I too rolled my own, and while trivial to create, it's always made me uneasy. If there's a bug, I won't know about it; Amazon SES will reject the emails if they're sent all at once, or perhaps the calls won't be made at all.

I ended up doing a little status page for my newsletter; I set it up to auto refresh in Opera, each one of of the refreshes sends 10 emails, and prints their statuses/destination/titles as they go (it's also rate limited in memcached). I chuck that the laptop or a third monitor and leave it for a couple of hours, keeping an eye on it as it goes.

Using something off the shelf I could trust would be much nicer.


Incidentally, Amazon SES has limits on how many mails you can send a second - even after your account is confirmed by them. You can see this limit on your control panel. Mine shows around 5 mails per second.

So you will have to add some kind of throttling to make it work.

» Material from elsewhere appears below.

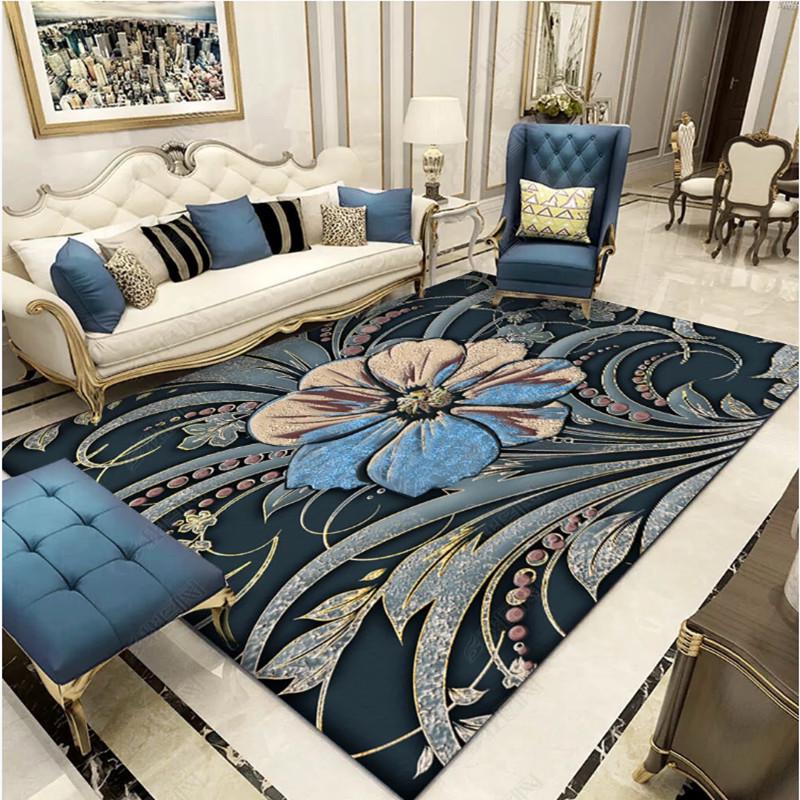 Chinese Style 3D Floral Pattern Carpet for Living Room Area Rug Children Floor Mat Cloakroom Rugs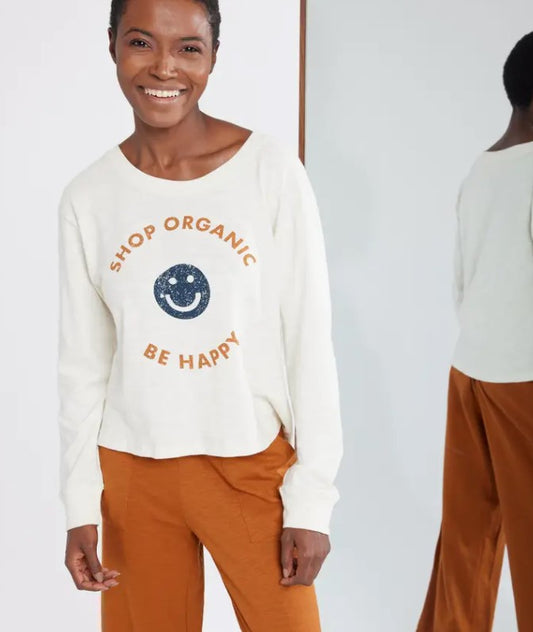Shop Organic Be Happy Long Sleeve Tshirt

Yep, which was a big reason why I did it the way it was. I was paranoid that I'd make a slip up in the throttling code and send too many emails (I guess they actually check it over a 10 or 60 second window), and the rest of the batch wouldn't go through properly.


It sounds to me like you need an email list server.


If you do decide to go the Ruby on Rails route, you might want to check out the ar_mailer gem as I believe it does _exactly_ what you're requesting.

https://github.com/adzap/ar_mailer


Just move your code to a register_shutdown_function() call and it will execute after the output has been sent, but without having to deal with forking a background PHP process or running out-of-context.


Rather than doing this using a queue in the webapp, why not let the on-host mailserver handle it for you?